Biweekly update 4th July — 18th July

We wish the world would be as stable as Tezos development. Its teams keep showing steady progress over the period, and Tezos dreams seem to come true: 1 Self-amending update, more than 100 meetups, about 470 bakers in 30 countries, 6 Global Foundations and excellent 80% staking rate. Only bonafide teams are working towards making Tezos greater: The protocol team has been steadily reviewing and testing all the MRs that are flowing in the branch proto-proposal; the Michelson team has been busy too with quite a lot of changes; LIGO and MARIGOLD team onboard new collaborators to both of them, rewrote much of the codebase, and began some exciting new projects.
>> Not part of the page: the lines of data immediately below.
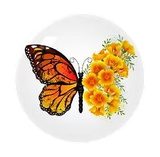 Logotipo de Vivero Monarca Nativa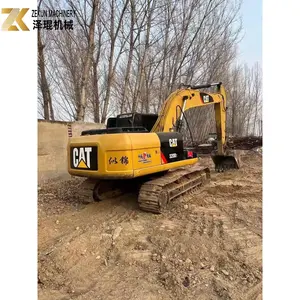 Ponta piola aceleracion боковой кортант giro длинная стрела от нового экскаватора rc cat 320 cl gx d 2006 новый экскаватор в Индии jinan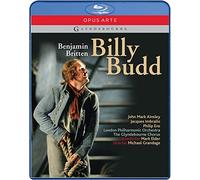Britten: Billy Budd [Blu-ray] [2010] [Region Free]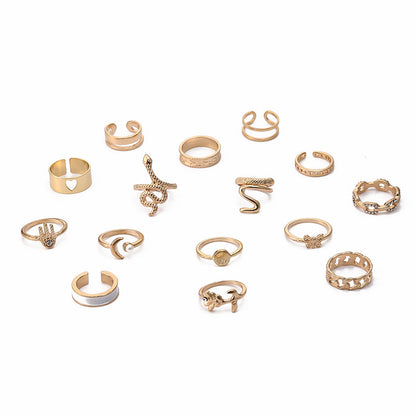 Elegant Pearl Ring for Every Occasion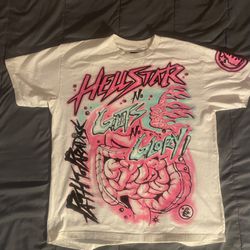 Hellstar Tee Shirt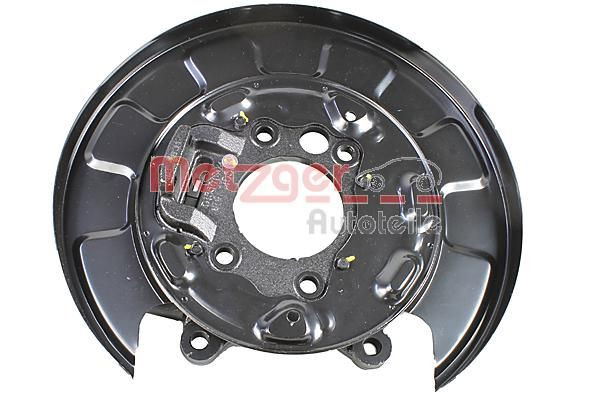 Stabdžių montavimo plokštė METZGER 6117032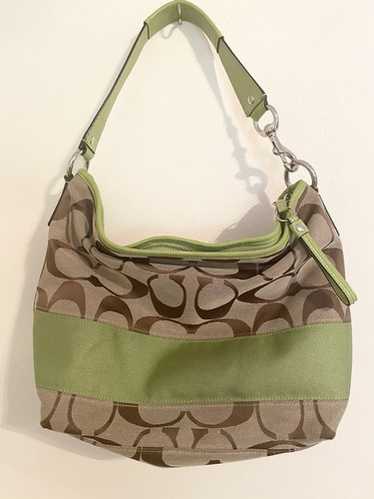 美品✨vintage coach old bag hand モスグリーン $_12.JPG?set_id=880000500F
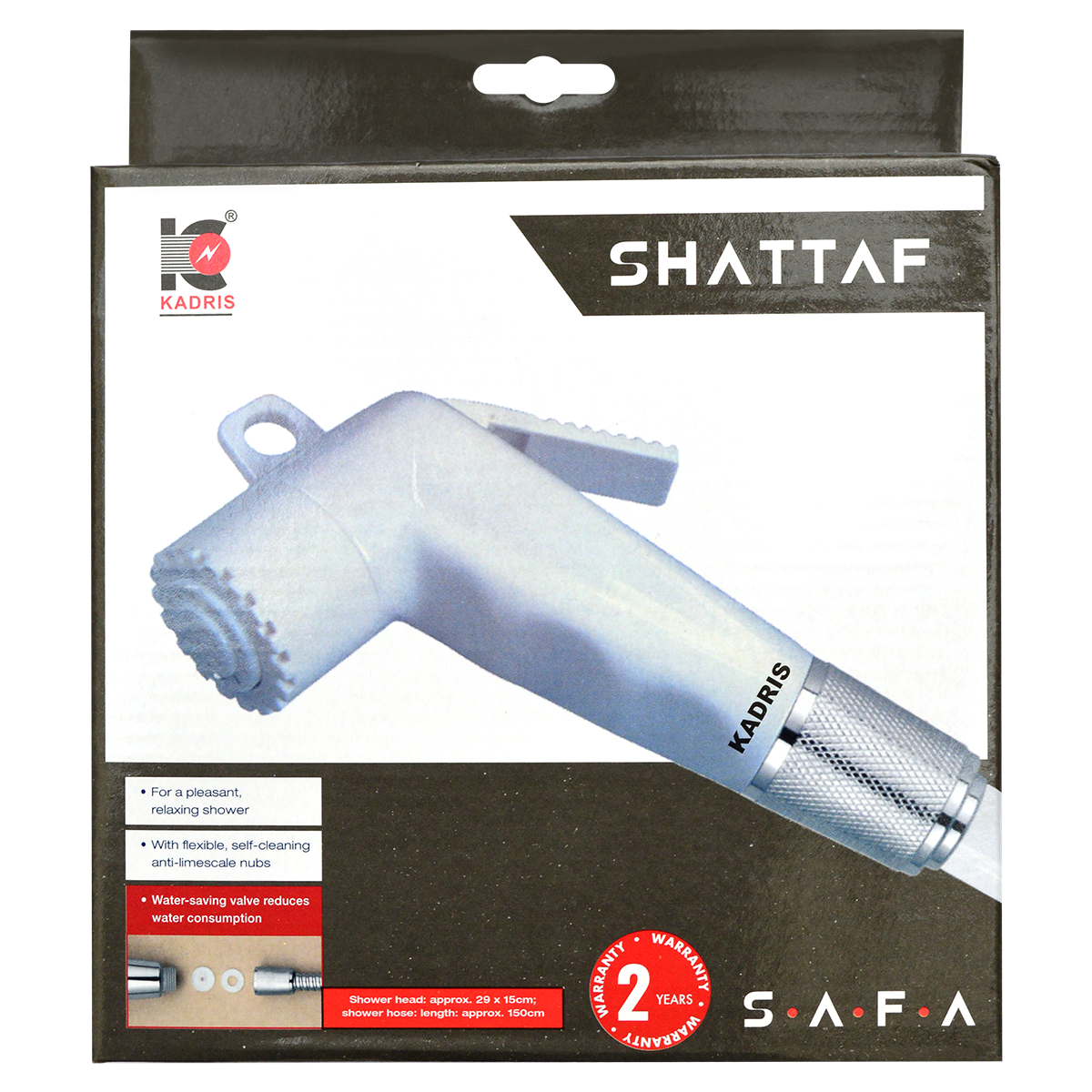 SA-1116 KADRIS SHATTAF-SAFA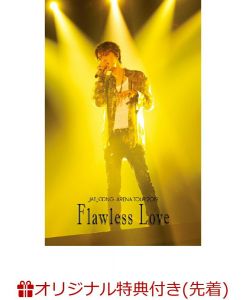 【楽天ブックス限定先着特典】JAEJOONG ARENA TOUR 2019〜Flawless Love〜 (コンパクトミラー付き)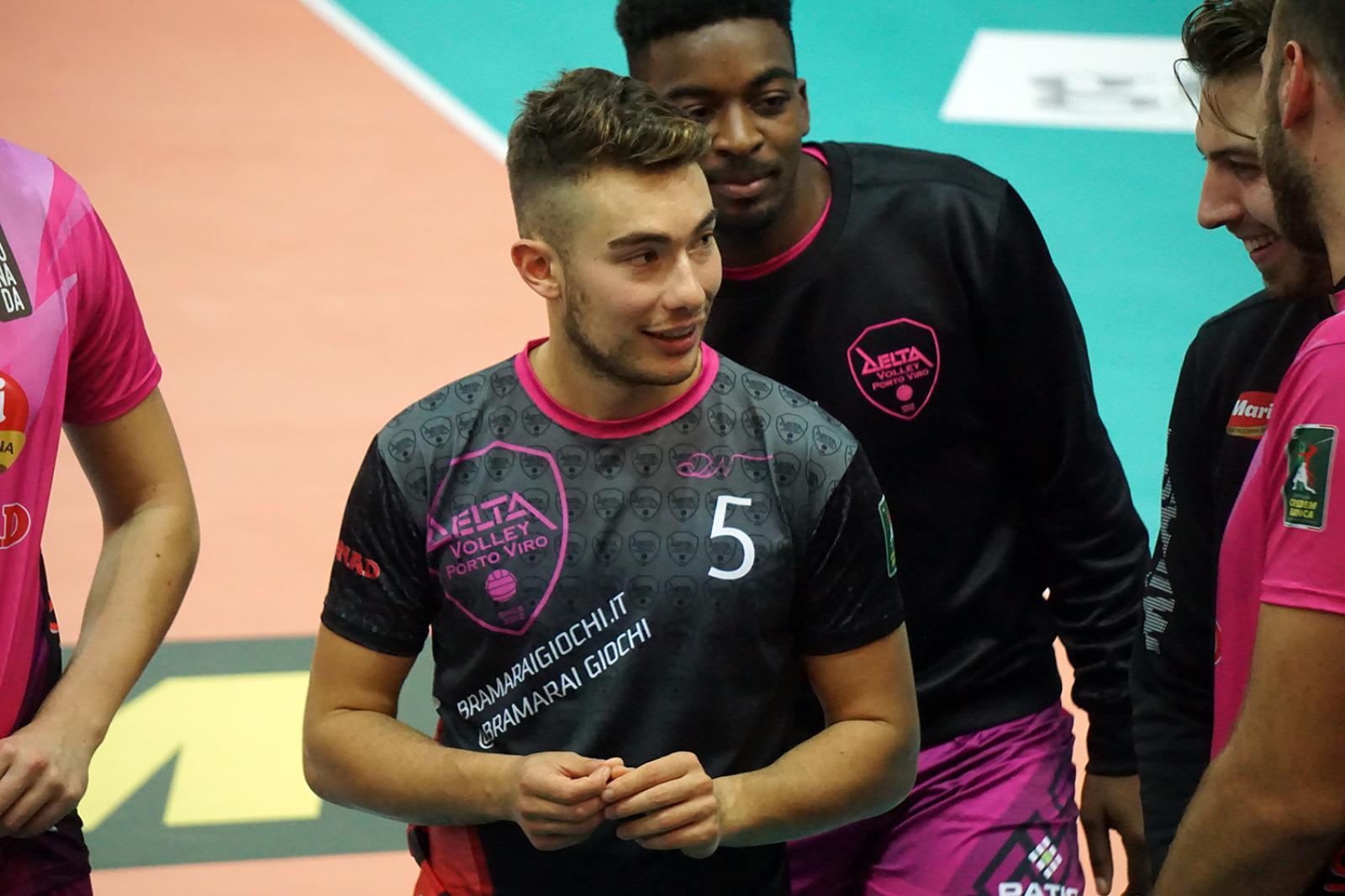 La Marini Delta vuole il bis 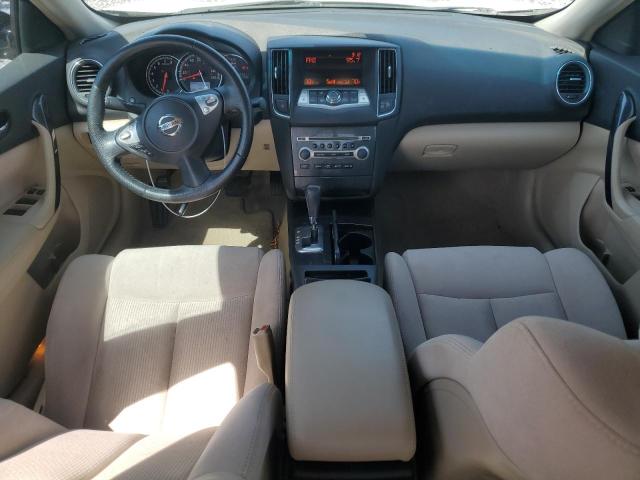 Sedans NISSAN MAXIMA 2013 Biały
So far, so good, we will hopefully see more progress in the coming year. TezBox team currently has two core goals — in the short term, they want to continue to offer a high-quality wallet on various platforms, in the long run, they are aiming to work on Tezbox API, and the Tezbox Browser. Besides, CryptonomicTech worked on Mininax, a retro block explorer. Decentralized nature of Tezos helps teams all over the world to be socially active: SmartPy and ConseilJS participated in the Tezos meetup in Douala, Tezos Africa had a fantastic turnout at Tezos 1st meetup there. The celebrations of Tezos birthday are planned worldwide — you can attend them in Paris, Berlin, Zurich, Vienna and New York. Moreover, Ryan Jesperson, President of Tezos Foundation, had a fantastic interview.

The community is thrilled with all the Tezos processes, the number of followers on social networks is sharply increasing. Success is coming down the pike! Stay tuned for the upcoming Reddit AMA after Week 29 with us!

Bake your Tezzies with us —


Gitlab metrics

For detailed GitLab developer activity click here.

Developer activity (from
  • TezBridge has been updated to v2.1.5. Issues are fixed and a much simpler bridging method for a remote signer is added. Developers can visit to get some examples of integration for now.
  • À la carte of the new Meanwhile at Nomadic Labs #3: a sneak peek at the next proposal (including updates to the Michelson language!), a new indexer for Tezos, and much more!

The consensus team is finishing their analysis of selfish baking on Emmy+ and tweaking the constants of the protocol accordingly. At the same time work on their version of Tendermint is progressing to the point of having a proof of concept protocol to play with.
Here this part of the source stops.